Il problema della concorrenza con le altre nazioni è noto a tutti. Stessa cosa per le imposizioni sui prodotti fitosanitari che in Italia sono spesso vietati ma che usati copiosamente sulla frutta che arriva dall’estero arriva dritto sulle tavole dei consumatori allo stesso prezzo finale del prodotto “sano e controllato” che si produce lungo tutto lo stivale. In una di queste aziende, troviamo fra i filari il titolare intento a controllare la produttività della sua squadra. L’appezzamento, tutto coltivato ad uva, è di quaranta ettari. Incalzato dalle domande ci prende il volantino di un supermercato dall’auto. La “sua” uva è venduta in “offerta” a 2,99€ al Kg in una nota catena di supermercati nazionali. A lui la grande distribuzione organizzata l’ha pagata trenta centesimi. Prendere o lasciare.

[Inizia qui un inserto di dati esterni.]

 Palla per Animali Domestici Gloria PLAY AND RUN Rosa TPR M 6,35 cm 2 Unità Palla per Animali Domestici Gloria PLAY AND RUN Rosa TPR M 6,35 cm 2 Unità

Dove il lasciare spesso significa lasciar marcire sulla pianta. Gli italiani non vogliono più lavorare nei campi perché preferiscono lavori meno pesanti, i proprietari non coprono con la vendita dell’uva il costo di un operaio al “giusto prezzo”. La filiera corta dello sfruttamento inizia nei campi, sotto il sole a 40 gradi e termina su anonimi camion che prelevano la frutta incassettata alla volta delle grandi catene di supermercati.

Hamil sognava di diventare ricco e famoso, Michele il titolare, di arrivare con l’elicottero nella sua proprietà. Entrambi adesso aspettano il fine settimana. L’uno per la paga, l’altro per i bonifici. Detratte le spese, rimane quel poco che basta per qualche sfizio. Hamil comprerà, se riesce, un paio di scarpe di marca. Michele a fine stagione comprerà un nuovo Suv. Lo status sociale, con i suoi clichè classisti, affida al consumismo e all’apparenza la risposta alla domanda di cambiamento radicale del settore a cui nessuno vuole dare risposta. Nel frattempo, anche quest’anno è quasi impossibile trovare nel calatino qualcuno che venda l’uva da tavola di Mazzarrone. Nei grandi mercati della zona arriva quasi esclusivamente quella straniera o di “scarto” cioè la produzione meno pregiata. Impossibile anche solo paragonarne gusto e bellezza. Anche a peso d’oro, qui quest’uva non “sa da vendere”, misteri della G.d.o.